◆ What to do
Return the lines that run from the beginning of the entries to the line holding "To convert 25", inclusive, and drop the pictures.

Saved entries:

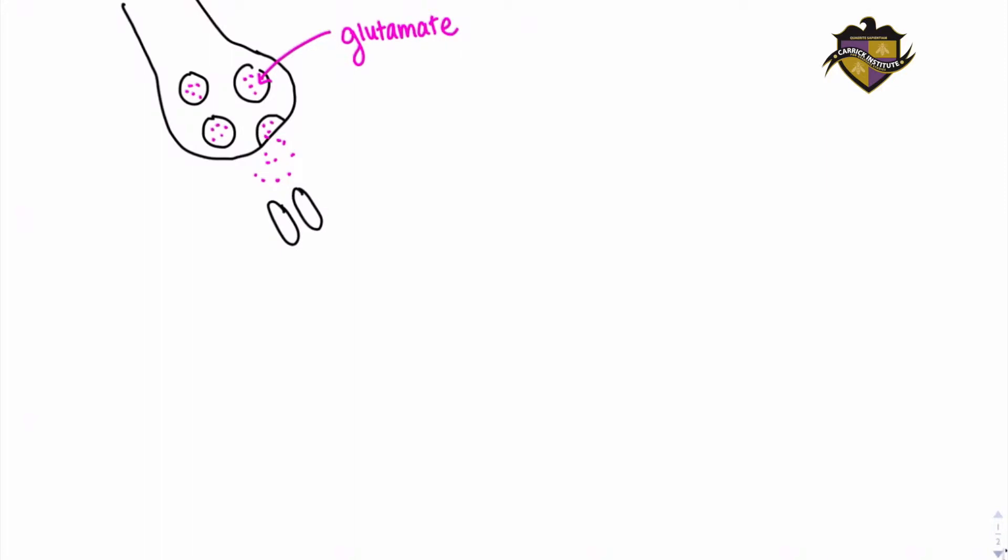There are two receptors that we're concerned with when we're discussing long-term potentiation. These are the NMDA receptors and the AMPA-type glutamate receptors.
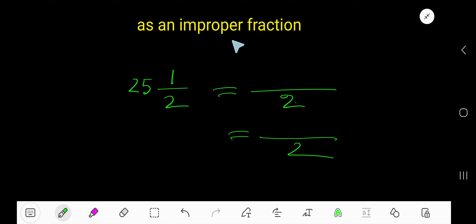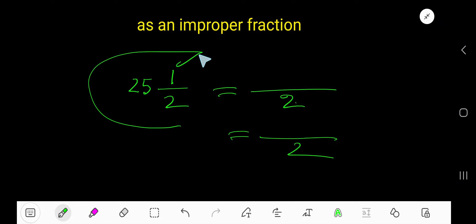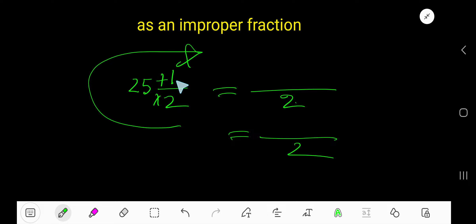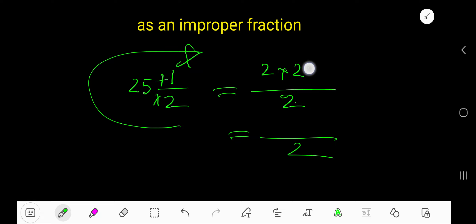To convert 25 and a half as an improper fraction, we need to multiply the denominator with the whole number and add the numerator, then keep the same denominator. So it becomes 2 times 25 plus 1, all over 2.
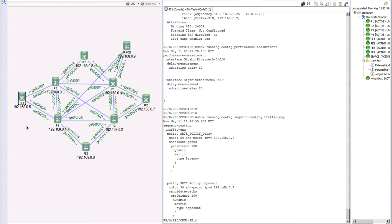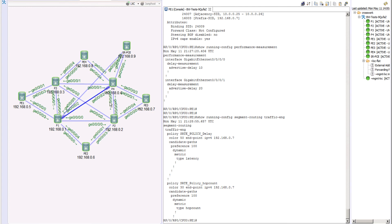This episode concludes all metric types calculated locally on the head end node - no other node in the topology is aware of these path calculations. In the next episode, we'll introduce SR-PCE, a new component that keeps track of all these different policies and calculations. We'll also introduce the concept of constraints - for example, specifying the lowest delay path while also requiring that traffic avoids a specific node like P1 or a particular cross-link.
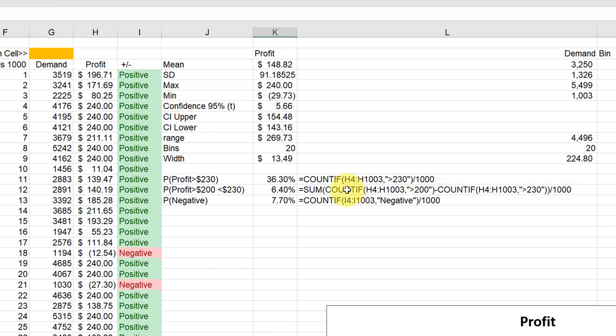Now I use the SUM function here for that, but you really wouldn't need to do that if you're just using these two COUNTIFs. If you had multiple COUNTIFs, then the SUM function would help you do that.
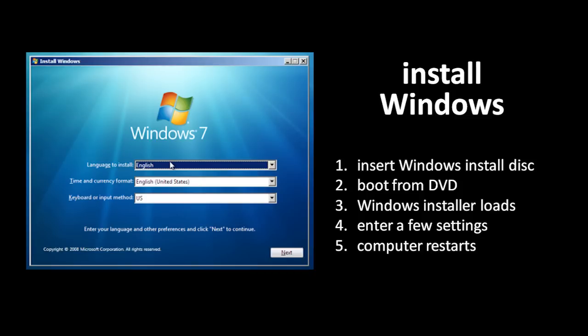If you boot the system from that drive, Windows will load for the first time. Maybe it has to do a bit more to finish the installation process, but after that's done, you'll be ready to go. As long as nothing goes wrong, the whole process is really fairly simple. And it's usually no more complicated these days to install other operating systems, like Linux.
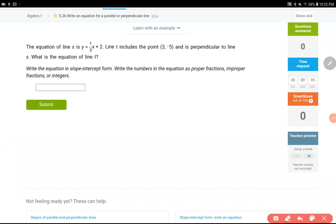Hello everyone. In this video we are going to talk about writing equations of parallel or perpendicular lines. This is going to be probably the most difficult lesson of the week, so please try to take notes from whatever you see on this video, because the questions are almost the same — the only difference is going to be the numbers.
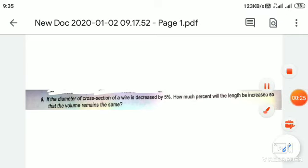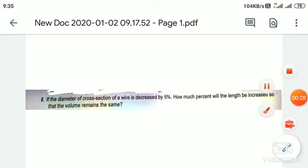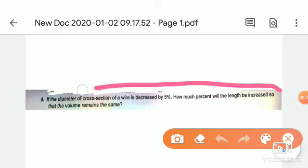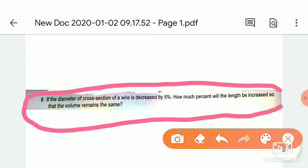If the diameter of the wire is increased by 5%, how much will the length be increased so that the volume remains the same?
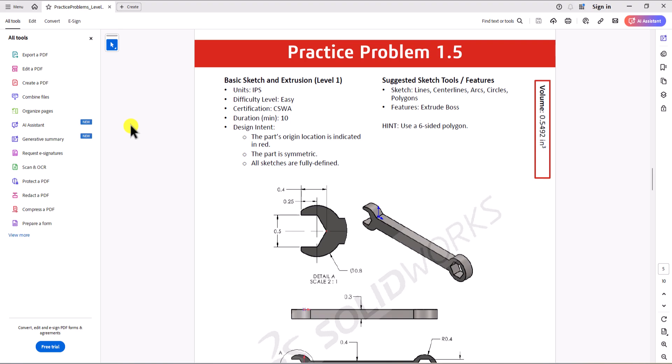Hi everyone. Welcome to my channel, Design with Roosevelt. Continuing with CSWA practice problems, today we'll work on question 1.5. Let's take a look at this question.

◆ Result of the task
There are two receptors that we're concerned with when we're discussing long-term potentiation. These are the NMDA receptors and the AMPA-type glutamate receptors.
To convert 25 and a half as an improper fraction, we need to multiply the denominator with the whole number and add the numerator, then keep the same denominator. So it becomes 2 times 25 plus 1, all over 2.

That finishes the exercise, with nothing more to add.